Cena do filme Kramer vs. Kramer
Kramer vs. Kramer: direção de Robert Benton

AUTOAPRENDIZADO INTENSIVO

Quando foi lançado, em 1979, Kramer vs. Kramer, dirigido por Robert Benton, alcançou grande sucesso junto à crítica e também ao público. Na festa do Óscar, arrebatou cinco estatuetas: melhor filme, melhor diretor, melhor ator, melhor atriz coadjuvante e melhor roteiro adaptado. Entrou para a história do cinema como uma unanimidade e continua lá, na prateleira, acumulando pó. Passados 45 anos, pode ser encontrado vagando pelos serviços de streaming, à espera de espectadores que ousem apertar o play.
        Se você é daqueles que, como eu, assistiu ao filme na época do lançamento e nunca mais se lembrou de visitá-lo, sugiro que o faça. Fiz isso há dias e constatei: Kramer vs. Kramer envelheceu muito bem! Talvez você se lembre dele como um... filme de tribunal, mas não é bem assim. Apesar do que sugere o título, trata-se de um filme sobre amadurecimento, de um pai, de uma mãe e de um filho, que tentam renascer dos cacos de uma família fraturada, para encontrar o rumo e seguir a jornada com dignidade e esperança.
        Sim, você ainda vai se deparar com atuações consistentes. No caso de Dustin Hoffman, talvez a sua melhor. No caso de Meryl Streep, magnética como sempre. No caso do pequeno Justin Henry, um achado! Também vai se deparar com um roteiro preciso, com linhas de diálogo impecáveis – até mesmo aquelas construídas no calor das improvisações durante as filmagens. Com um ritmo bem marcado, uma trilha sonora pertinente e uma atmosfera de sobriedade, Kramer vs. Kramer merece estar entre os grandes clássicos do cinema.
        A direção de Robert Benton é segura e exala personalidade. Jamais escorrega para o melodrama e está sempre focado naquilo que de fato interessa: a alma dos seus personagens. O vemos aqui exercitando seu estilo original, que alcançaria a máxima expressão em Um Lugar no Coração, outro filme seu que está entre as unanimidades. Percebemos que o diretor se coloca, ele próprio, na posição de observador e segue comovido, tentando acompanhar e compreender as motivações dos personagens. Apenas reage. Tem o bom senso de não intervir, criando suspense ou nos fazendo embarcar em suposições. Nos deixa à vontade, para exercitar nossas empatias, simpatias e antipatias.
        Para os que ainda não assistiram a Kramer vs.
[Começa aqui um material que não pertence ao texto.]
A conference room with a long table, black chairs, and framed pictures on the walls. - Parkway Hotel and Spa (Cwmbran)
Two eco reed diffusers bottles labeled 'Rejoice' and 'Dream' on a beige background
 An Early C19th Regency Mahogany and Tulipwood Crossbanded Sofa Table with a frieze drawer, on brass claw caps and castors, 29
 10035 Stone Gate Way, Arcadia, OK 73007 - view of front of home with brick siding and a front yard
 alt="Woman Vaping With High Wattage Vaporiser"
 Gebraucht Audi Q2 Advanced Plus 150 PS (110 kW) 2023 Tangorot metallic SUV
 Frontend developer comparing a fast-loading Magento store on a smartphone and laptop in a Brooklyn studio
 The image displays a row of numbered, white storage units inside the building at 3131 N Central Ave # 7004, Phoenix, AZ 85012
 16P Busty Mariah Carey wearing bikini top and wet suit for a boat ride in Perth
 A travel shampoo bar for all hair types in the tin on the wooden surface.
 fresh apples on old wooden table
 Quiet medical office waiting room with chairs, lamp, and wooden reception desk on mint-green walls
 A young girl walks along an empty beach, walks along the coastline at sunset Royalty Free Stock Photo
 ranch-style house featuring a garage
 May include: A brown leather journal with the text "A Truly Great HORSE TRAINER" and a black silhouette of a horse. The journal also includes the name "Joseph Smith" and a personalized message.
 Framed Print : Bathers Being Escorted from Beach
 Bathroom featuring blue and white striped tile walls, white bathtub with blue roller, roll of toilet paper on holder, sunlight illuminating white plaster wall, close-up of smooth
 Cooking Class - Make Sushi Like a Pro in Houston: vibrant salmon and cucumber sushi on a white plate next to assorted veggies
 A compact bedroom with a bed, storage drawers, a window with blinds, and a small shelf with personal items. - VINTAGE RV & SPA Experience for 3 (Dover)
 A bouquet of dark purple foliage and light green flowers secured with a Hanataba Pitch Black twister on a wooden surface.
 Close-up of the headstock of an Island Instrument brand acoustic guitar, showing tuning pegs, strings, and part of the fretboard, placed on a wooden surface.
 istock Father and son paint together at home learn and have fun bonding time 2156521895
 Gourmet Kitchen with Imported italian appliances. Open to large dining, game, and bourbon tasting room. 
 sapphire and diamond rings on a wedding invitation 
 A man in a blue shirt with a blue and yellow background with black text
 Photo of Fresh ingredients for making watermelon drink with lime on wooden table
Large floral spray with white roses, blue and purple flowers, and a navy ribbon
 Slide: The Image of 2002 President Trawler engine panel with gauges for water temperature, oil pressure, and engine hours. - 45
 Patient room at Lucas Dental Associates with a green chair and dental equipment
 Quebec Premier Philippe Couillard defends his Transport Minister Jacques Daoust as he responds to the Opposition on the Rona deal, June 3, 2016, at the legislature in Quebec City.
Kramer, vale a pena desfiar uma rápida sinopse. O filme conta a história de Ted Kramer (Dustin Hoffman), um jovem e ambicioso publicitário que trabalha na meca da profissão: uma grande agência instalada em Manhattan. Inebriado com o sucesso da própria carreira, ele chega em casa sem se dar conta de que a vida está lhe dando um nó. Vê sua mulher, Joanna (Meryl Streep), o deixar, sem mais nem menos. Ela sai de casa para não voltar e abandona com ele o filho Billy (Justin Henry), de apenas cinco anos. Ted é talentoso para os negócios, mas um inepto para cuidar do pequeno Billy. Sabe quase nada sobre o que é ser um pai presente, mas não lhe falta amor pelo filho. O que acompanharemos então é a curva de aprendizado de ambos. Ted escolhendo criar seu filho e Billy tentando se agarrar à nova realidade sem a mãe. Como podemos intuir pelo título, Joanna retornará para reclamar a guarda do filho nos tribunais, causando nova reviravolta.
        Em Kramer vs. Kramer, os procedimentos legais e os embaraços jurídicos são meras decorrências da vida em sociedade, que precisam ser – e serão – vencidas. O que nos agarra a atenção e nos comove são os pequenos lampejos de cotidiano que vão iluminando as vidas de Ted e Billy, enquanto seguem uma inevitável jornada de descobertas. No centro de tudo, há o amor. Pai, mãe e filho são papeis que os personagens vão aprendendo a desempenhar, pisando em erros e acertos, tendo que encontrar disposição, coragem e boa vontade.
        Como roteirista, Robert Benton soube desbastar o romance de Avery Corman – lançado em 1977 com o mesmo título do filme. Trouxe para as telas uma adaptação eficiente, que funcionou como veículo para que o elenco pudesse se esbaldar em sua arte. Dustin Hoffman e Meryl Streep fizeram a maior parte do trabalho pesado, mas é preciso lembrar que se trata de cinema, e não de teatro. O diretor, portanto, tem méritos de sobra. No comando, ele esbanjou competência, sensibilidade e sutileza.
        Há 45 anos, casais que se atreviam a recorrer ao divórcio, precisavam enveredar por longas discussões – ouvindo palpites de todo lado – sobre as inevitáveis consequências desastrosas para os filhos pequenos. As mulheres também eram mais propensas a assumir para si a responsabilidade de criar os filhos, sem que houvessem questionamentos. Os comportamentos mudaram e tais polêmicas perderam a força. Assistindo hoje a Kramer vs. Kramer, percebemos que elas nem sequer estão no centro da discussão. São questões periféricas, que talvez passem despercebidas pelo espectador atual.
        O que o filme nos revela, com critério e emoção, é a força do amor paterno – e também a força do amor materno – capaz de aflorar em cada um de nós, quando nos dispomos a cultivar os valores familiares que nos movem. Quando compreendemos que o nosso legado não será medido pelo que nos tornamos ou acumulamos, mas pela contribuição que fomos capazes de dar para o futuro dos nossos filhos.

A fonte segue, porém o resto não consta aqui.